Graph Q-Learning for Combinatorial Optimization
This work addresses combinatorial optimization, a challenging domain in computer science, by introducing a machine learning-based approach that is more efficient than traditional methods.
The paper tackles combinatorial optimization problems by formulating them as sequential decision-making tasks and using graph neural networks trained with Q-learning to learn policies that build candidate solutions, achieving performance close to state-of-the-art heuristic solvers with fewer parameters and less training time.

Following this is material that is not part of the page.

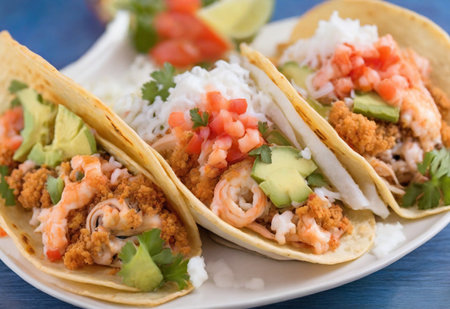 crispy tacos stuffed with seafood or meatの素材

Graph-structured data is ubiquitous throughout natural and social sciences, and Graph Neural Networks (GNNs) have recently been shown to be effective at solving prediction and inference problems on graph data. In this paper, we propose and demonstrate that GNNs can be applied to solve Combinatorial Optimization (CO) problems. CO concerns optimizing a function over a discrete solution space that is often intractably large. To learn to solve CO problems, we formulate the optimization process as a sequential decision making problem, where the return is related to how close the candidate solution is to optimality. We use a GNN to learn a policy to iteratively build increasingly promising candidate solutions. We present preliminary evidence that GNNs trained through Q-Learning can solve CO problems with performance approaching state-of-the-art heuristic-based solvers, using only a fraction of the parameters and training time.